=== Exercise ===
Within the records below is a range that opens at the line with "Infiniti.it(Sito ufficiale di" and closes at the line with "Czarne Rzeźby marki Gilde o wysokości 20 cm". Return that range word for word, both ends included, and only that range.

BEGIN The data

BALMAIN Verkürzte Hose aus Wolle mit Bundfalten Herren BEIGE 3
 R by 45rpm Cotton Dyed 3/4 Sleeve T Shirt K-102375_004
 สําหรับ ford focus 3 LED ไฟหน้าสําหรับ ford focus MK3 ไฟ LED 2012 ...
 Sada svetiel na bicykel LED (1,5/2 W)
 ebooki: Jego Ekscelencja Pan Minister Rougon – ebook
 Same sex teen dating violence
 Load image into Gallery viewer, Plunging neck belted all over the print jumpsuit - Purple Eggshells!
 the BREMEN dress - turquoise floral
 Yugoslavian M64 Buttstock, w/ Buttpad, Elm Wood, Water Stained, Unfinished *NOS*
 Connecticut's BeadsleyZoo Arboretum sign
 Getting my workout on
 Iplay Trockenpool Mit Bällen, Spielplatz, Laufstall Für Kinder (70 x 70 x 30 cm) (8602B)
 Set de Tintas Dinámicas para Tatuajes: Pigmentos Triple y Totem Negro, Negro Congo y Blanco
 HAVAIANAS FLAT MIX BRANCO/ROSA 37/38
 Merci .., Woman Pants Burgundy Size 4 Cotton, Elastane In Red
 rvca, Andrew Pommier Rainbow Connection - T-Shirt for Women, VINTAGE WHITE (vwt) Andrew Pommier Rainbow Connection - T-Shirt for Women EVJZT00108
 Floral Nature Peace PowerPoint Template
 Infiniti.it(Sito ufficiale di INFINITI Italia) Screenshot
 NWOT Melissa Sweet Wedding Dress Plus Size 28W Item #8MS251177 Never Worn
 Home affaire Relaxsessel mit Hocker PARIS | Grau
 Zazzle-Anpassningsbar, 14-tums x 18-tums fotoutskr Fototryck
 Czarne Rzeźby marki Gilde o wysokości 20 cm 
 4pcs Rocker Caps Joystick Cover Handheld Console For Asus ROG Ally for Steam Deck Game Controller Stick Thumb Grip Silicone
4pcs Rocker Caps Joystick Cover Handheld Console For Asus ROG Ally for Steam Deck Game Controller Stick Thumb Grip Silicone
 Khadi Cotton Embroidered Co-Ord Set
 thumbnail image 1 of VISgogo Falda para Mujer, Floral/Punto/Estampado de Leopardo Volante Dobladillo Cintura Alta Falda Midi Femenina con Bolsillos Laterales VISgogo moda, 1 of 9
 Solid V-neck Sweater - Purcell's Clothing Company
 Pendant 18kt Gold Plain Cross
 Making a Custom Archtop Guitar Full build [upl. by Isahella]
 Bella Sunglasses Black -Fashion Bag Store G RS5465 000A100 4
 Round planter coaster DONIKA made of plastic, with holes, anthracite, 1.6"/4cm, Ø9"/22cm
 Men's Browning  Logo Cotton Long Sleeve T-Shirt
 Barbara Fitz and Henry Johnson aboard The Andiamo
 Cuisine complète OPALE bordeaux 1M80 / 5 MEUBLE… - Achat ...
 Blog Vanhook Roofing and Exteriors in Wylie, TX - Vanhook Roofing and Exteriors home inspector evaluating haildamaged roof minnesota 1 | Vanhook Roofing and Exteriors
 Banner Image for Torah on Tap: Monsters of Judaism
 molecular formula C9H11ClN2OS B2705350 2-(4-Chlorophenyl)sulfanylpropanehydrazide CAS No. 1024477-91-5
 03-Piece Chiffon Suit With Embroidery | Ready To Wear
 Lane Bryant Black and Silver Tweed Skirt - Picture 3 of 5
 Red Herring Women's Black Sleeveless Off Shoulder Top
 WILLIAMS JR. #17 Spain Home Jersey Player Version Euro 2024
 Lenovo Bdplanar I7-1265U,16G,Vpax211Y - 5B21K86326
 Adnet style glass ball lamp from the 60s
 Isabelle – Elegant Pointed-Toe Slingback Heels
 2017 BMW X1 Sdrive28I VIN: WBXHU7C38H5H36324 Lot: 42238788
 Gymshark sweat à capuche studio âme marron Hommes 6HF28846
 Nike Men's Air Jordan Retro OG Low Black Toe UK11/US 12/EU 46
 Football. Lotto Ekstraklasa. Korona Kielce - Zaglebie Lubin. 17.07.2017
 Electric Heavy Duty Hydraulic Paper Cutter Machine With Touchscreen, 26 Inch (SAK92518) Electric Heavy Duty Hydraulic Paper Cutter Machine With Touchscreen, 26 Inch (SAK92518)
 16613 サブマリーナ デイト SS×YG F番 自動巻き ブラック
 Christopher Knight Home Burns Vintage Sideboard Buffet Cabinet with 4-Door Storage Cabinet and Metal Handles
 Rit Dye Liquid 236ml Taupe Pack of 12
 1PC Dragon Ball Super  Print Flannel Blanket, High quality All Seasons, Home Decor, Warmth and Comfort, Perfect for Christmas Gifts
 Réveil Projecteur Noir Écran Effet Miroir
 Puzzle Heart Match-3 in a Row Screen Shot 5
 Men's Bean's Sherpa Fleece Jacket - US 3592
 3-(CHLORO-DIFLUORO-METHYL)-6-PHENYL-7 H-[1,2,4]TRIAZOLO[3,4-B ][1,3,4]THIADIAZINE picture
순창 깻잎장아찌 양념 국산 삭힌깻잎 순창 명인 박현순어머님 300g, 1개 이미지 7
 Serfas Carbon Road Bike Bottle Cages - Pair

END The data

=== Exercise answer ===
 Infiniti.it(Sito ufficiale di INFINITI Italia) Screenshot
 NWOT Melissa Sweet Wedding Dress Plus Size 28W Item #8MS251177 Never Worn
 Home affaire Relaxsessel mit Hocker PARIS | Grau
 Zazzle-Anpassningsbar, 14-tums x 18-tums fotoutskr Fototryck
 Czarne Rzeźby marki Gilde o wysokości 20 cm 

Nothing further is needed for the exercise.